[[ Extracted material open ]]

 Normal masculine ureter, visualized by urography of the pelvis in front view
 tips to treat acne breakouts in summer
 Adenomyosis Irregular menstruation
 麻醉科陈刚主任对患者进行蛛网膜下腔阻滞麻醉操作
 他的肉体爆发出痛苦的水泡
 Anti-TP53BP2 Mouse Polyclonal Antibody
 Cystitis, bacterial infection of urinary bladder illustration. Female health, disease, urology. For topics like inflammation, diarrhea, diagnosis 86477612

[[ Extracted material closed ]]

Repeat every record, keeping each word and mark exactly as it is.

◆ Task output ◆
 Normal masculine ureter, visualized by urography of the pelvis in front view
 tips to treat acne breakouts in summer
 Adenomyosis Irregular menstruation
 麻醉科陈刚主任对患者进行蛛网膜下腔阻滞麻醉操作
 他的肉体爆发出痛苦的水泡
 Anti-TP53BP2 Mouse Polyclonal Antibody
 Cystitis, bacterial infection of urinary bladder illustration. Female health, disease, urology. For topics like inflammation, diarrhea, diagnosis 86477612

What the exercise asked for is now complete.